◆ SUPPLIED MATERIAL ◆
━━━━━━━━━━

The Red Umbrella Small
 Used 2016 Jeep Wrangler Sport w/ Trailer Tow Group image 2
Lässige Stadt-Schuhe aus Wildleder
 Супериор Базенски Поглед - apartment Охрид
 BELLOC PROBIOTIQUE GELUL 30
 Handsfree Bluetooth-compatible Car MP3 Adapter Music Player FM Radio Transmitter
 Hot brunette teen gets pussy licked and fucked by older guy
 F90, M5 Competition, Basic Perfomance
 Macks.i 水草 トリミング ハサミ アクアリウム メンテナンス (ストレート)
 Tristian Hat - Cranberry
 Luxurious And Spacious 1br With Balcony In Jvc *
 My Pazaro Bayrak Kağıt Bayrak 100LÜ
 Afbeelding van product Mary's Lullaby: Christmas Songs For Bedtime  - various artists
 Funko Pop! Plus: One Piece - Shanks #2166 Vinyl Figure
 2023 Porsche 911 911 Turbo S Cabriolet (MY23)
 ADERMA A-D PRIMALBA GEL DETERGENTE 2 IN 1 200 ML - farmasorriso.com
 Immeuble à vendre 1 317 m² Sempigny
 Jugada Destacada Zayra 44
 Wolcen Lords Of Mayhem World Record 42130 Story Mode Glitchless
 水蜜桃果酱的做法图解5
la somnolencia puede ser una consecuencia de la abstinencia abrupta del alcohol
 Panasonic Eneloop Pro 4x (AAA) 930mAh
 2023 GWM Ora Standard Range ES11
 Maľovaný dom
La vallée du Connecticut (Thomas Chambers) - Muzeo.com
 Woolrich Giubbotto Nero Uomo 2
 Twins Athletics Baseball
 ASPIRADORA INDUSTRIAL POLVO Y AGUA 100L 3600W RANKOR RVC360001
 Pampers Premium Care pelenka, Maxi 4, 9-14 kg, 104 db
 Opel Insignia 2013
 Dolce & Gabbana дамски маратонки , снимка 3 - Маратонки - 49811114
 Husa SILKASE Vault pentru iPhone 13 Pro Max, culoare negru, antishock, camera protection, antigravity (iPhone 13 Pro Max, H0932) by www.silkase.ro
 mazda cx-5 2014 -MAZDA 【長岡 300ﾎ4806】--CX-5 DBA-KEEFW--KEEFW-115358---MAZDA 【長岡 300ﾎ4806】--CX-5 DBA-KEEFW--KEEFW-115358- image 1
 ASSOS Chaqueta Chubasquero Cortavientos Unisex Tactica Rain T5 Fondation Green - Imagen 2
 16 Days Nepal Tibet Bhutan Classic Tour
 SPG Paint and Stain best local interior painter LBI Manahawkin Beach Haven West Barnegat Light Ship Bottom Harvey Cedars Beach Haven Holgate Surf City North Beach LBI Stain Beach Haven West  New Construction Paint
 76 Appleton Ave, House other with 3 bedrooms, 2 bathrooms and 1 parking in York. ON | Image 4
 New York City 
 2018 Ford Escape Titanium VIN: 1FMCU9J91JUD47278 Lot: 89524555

━━━━━━━━━━

◆ ACTIVITY ◆
Write out the lines of the entries, word for word, from the first through the one containing "Twins Athletics Baseball", and stop at that line.

◆ EXERCISE SOLUTION ◆
The Red Umbrella Small
 Used 2016 Jeep Wrangler Sport w/ Trailer Tow Group image 2
Lässige Stadt-Schuhe aus Wildleder
 Супериор Базенски Поглед - apartment Охрид
 BELLOC PROBIOTIQUE GELUL 30
 Handsfree Bluetooth-compatible Car MP3 Adapter Music Player FM Radio Transmitter
 Hot brunette teen gets pussy licked and fucked by older guy
 F90, M5 Competition, Basic Perfomance
 Macks.i 水草 トリミング ハサミ アクアリウム メンテナンス (ストレート)
 Tristian Hat - Cranberry
 Luxurious And Spacious 1br With Balcony In Jvc *
 My Pazaro Bayrak Kağıt Bayrak 100LÜ
 Afbeelding van product Mary's Lullaby: Christmas Songs For Bedtime  - various artists
 Funko Pop! Plus: One Piece - Shanks #2166 Vinyl Figure
 2023 Porsche 911 911 Turbo S Cabriolet (MY23)
 ADERMA A-D PRIMALBA GEL DETERGENTE 2 IN 1 200 ML - farmasorriso.com
 Immeuble à vendre 1 317 m² Sempigny
 Jugada Destacada Zayra 44
 Wolcen Lords Of Mayhem World Record 42130 Story Mode Glitchless
 水蜜桃果酱的做法图解5
la somnolencia puede ser una consecuencia de la abstinencia abrupta del alcohol
 Panasonic Eneloop Pro 4x (AAA) 930mAh
 2023 GWM Ora Standard Range ES11
 Maľovaný dom
La vallée du Connecticut (Thomas Chambers) - Muzeo.com
 Woolrich Giubbotto Nero Uomo 2
 Twins Athletics Baseball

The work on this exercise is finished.